What did this have to do with anything? "The memories, sir?"

"Don't interrupt." Corentin paced the length of the bedroom. "I haven't thought about Angelica for years. Now you show up, and the memories come back with a vengeance. She wanted me to stop them too. Not with violence, but by changing it from the inside. Wanted it right up until the moment they made me kill her with my own two hands."

And the man hadn't thought about it in years? Was something wrong with him? But he didn't interrupt.

"I wiped my own memory of it, kid." He spun on his heel and jabbed a finger into Seb's chest. "Now you show up and ask me for help, and what do you know? The memories all come right back." He shook his head and backed off with a shaky laugh. "I went to great lengths to forget her and everything about her, kid. Now she's back."

"Does that mean..." Seb swallowed hard. "Does that mean you'll help?"

He turned to the window with a heavy sigh. "Yes, boy, it does. Against my better judgment, I'll help. But this won't be easy. We need a plan, and I need to figure out how we should do this. I'm doing it for her, and Skies take it, I won't dishonor her memory."

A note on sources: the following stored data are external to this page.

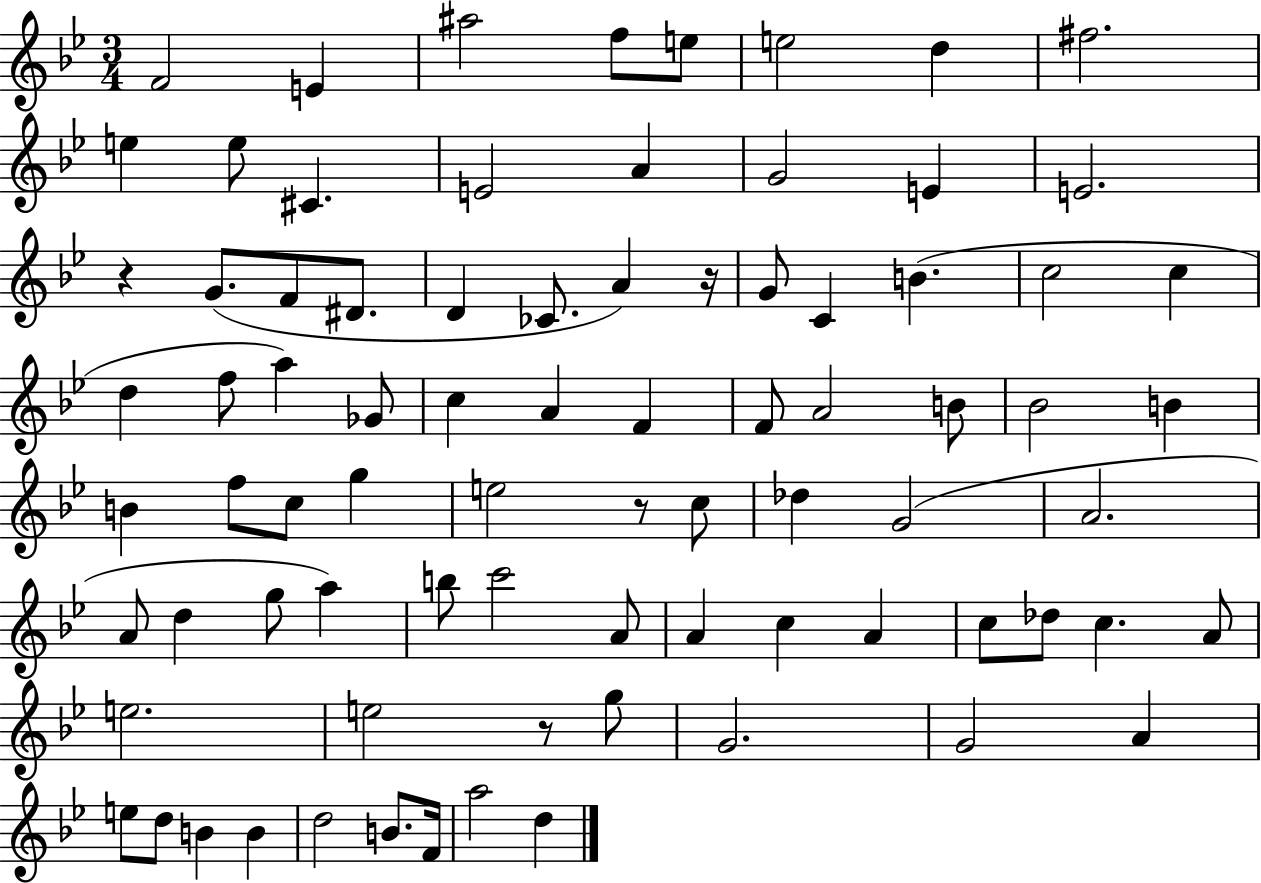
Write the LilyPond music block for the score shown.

{
  \clef treble
  \numericTimeSignature
  \time 3/4
  \key bes \major
  \repeat volta 2 { f'2 e'4 | ais''2 f''8 e''8 | e''2 d''4 | fis''2. | \break e''4 e''8 cis'4. | e'2 a'4 | g'2 e'4 | e'2. | \break r4 g'8.( f'8 dis'8. | d'4 ces'8. a'4) r16 | g'8 c'4 b'4.( | c''2 c''4 | \break d''4 f''8 a''4) ges'8 | c''4 a'4 f'4 | f'8 a'2 b'8 | bes'2 b'4 | \break b'4 f''8 c''8 g''4 | e''2 r8 c''8 | des''4 g'2( | a'2. | \break a'8 d''4 g''8 a''4) | b''8 c'''2 a'8 | a'4 c''4 a'4 | c''8 des''8 c''4. a'8 | \break e''2. | e''2 r8 g''8 | g'2. | g'2 a'4 | \break e''8 d''8 b'4 b'4 | d''2 b'8. f'16 | a''2 d''4 | } \bar "|."
}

Indeed they did. Seb swallowed down his excitement. Whooping and jumping around like a five-year-old probably wouldn't earn him a good opinion from Corentin. "I know, sir. There are people who would help, if we can reach them."

"I've got one person. Just one person I want on our team." Corentin turned to him with a smile. "Dane Calister."

Seb's heart skipped a beat. What were the chances? Dane as in the Dane he knew as Dane McGayen? He swallowed hard. If it was, there was going to be a serious issue. Because there was no way he'd work with Dane McGayen after what he'd done.